War, riots and the trial of the century.

Editorial Reviews

Publishers Weekly
At the center of this overwrought Civil War account is the tiny town of West Chester, Pa., where John Hodgson ran a pro-Southern Democratic newspaper, the Jeffersonian. In August 1861, a mob destroyed his printing press and subscription lists, and tossed his printing type out a window. A few days later, two federal marshals came to finish the job-under the Confiscation Act, these marshals could seize the property of any citizen who supported the Confederacy. Manber and Dahlstrom speculate that the mobs may have been acting under the aegis of Lincoln's cabinet, and perhaps with the knowledge of Lincoln himself. The second half of the book is largely devoted to the ensuing court case, which in 1863 resulted in Hodgson recovering just over $500 in damages from the government. The authors are given to breathless prose ("It was John Hodgson's fight, and he stood alone"). The questions this book raises couldn't be more timely: how does one criticize a president in wartime, and how can we ensure the freedom of the press at those moments when we need it most? (Nov.) Copyright 2005 Reed Business Information.
Kirkus Reviews
That Abe Lincoln. First he crushes states' rights, then suspends the writ of habeas corpus. Next thing you know, he'll want to demolish the First Amendment. The subtitle of Manber and Dahlstrom's expose is overheated, but, as they hold, the media-savvy Lincoln had no fondness for the opposition Democratic newspapers that every Northern city harbored. In early August 1861, Lincoln signed a bill that authorized the confiscation of property used for "insurrectionary purposes," though he considered the bill a bit premature. A couple of weeks later, vigilantes broke into the offices of a Pennsylvania newspaper published by a fierce Lincoln-hater named John Hodgson, broke up its type and destroyed the subscription lists.

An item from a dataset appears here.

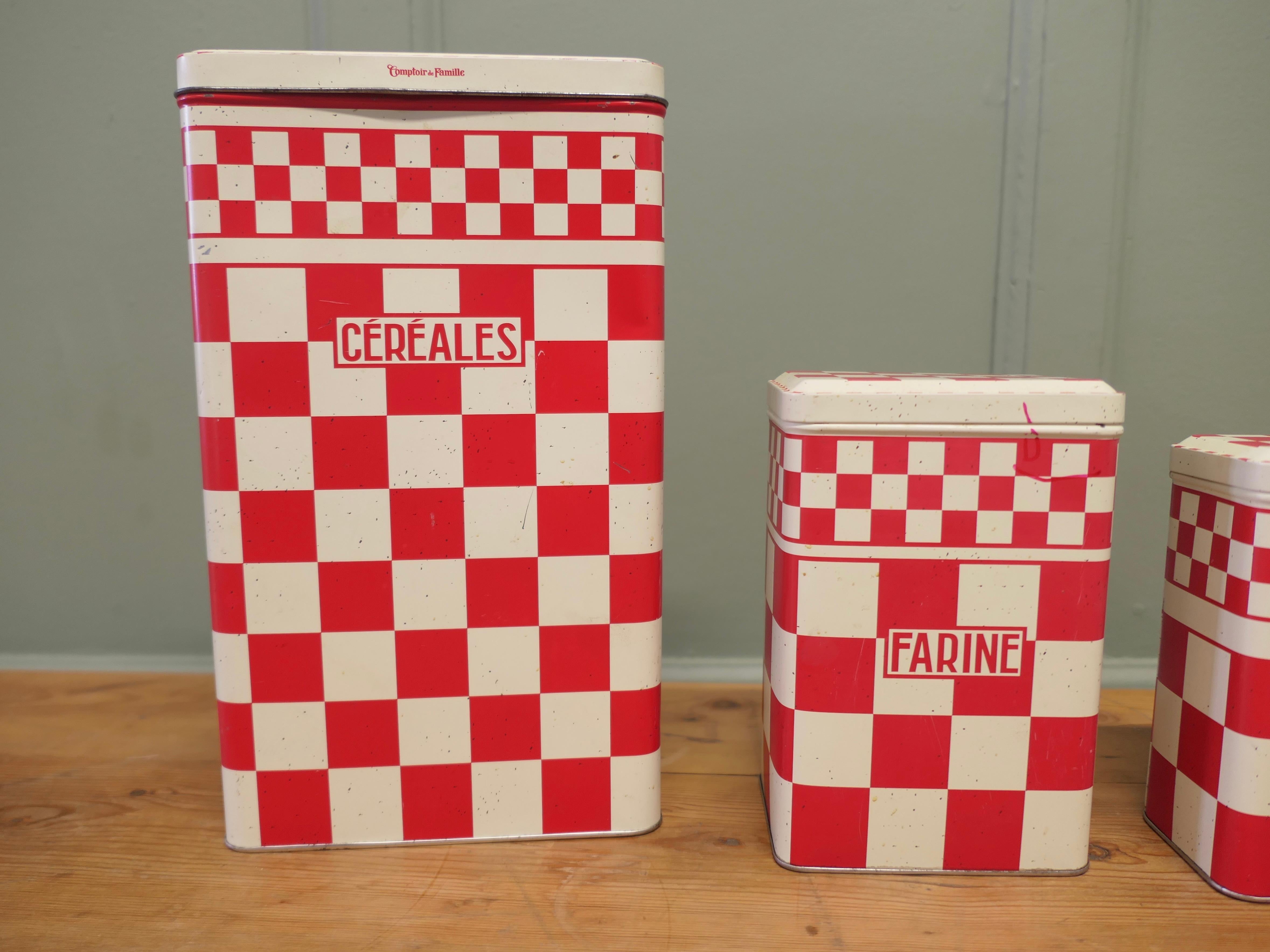 Schönes Set französischer Lebensmittelbehälter Original französischer Emaille-Behälter im Angebot 1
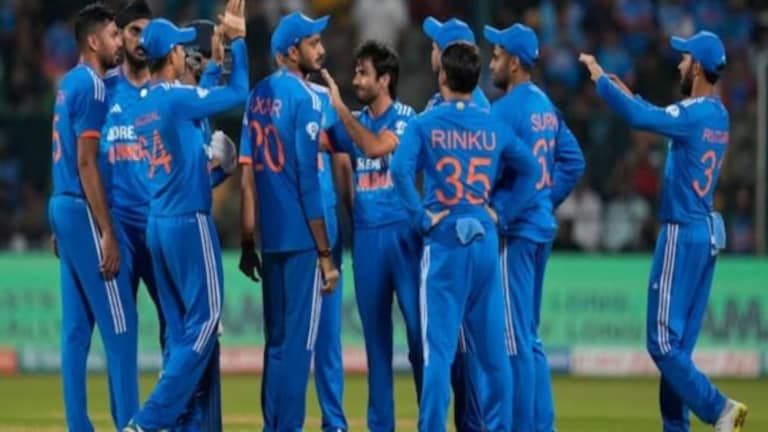 IND vs SA : टीम इंडियाला मोठा झटका, आफ्रिकेविरूद्ध ‘हे’ खेळाडू संघातून आऊट ind vs sa ist one day match deepak chahar mohmmad shami out of series india vs south africa odi test series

In their characteristically ham-fisted way, Manber and Dahlstrom consider this "one of the most calculated attacks on American liberty since the exploding cannon and dull thud of Revolutionary muskets ceased." Though it seems a milk run for Watergate, with cunning Republicans gunning for antiwar Democrats, to consider the attack a sweeping assault on freedom of the press may be a little overstated, despite Hodgson's-and the authors'-protestations. Still, it's clear that persons higher up, including Lincoln's secretary of war, knew of and approved the attack on Hodgson's property; that much is evident by the fact that afterward, government marshals ordered the paper shut down permanently. The attack brought forth a storm of dissent from editors, who issued a resolution "that the Republican Party has proved that all its pretensions of devotion to freedom, free speech, and free discussions were simply cloaks to conceal their real enmity to liberty." Hodgson sued, charging thegovernment officials who shut him down with illegal trespass; eventually, he recovered $512 in damages, and he continued to publish anti-Lincoln and antiwar pieces all through the Civil War. A minor footnote to journalistic and Civil War history.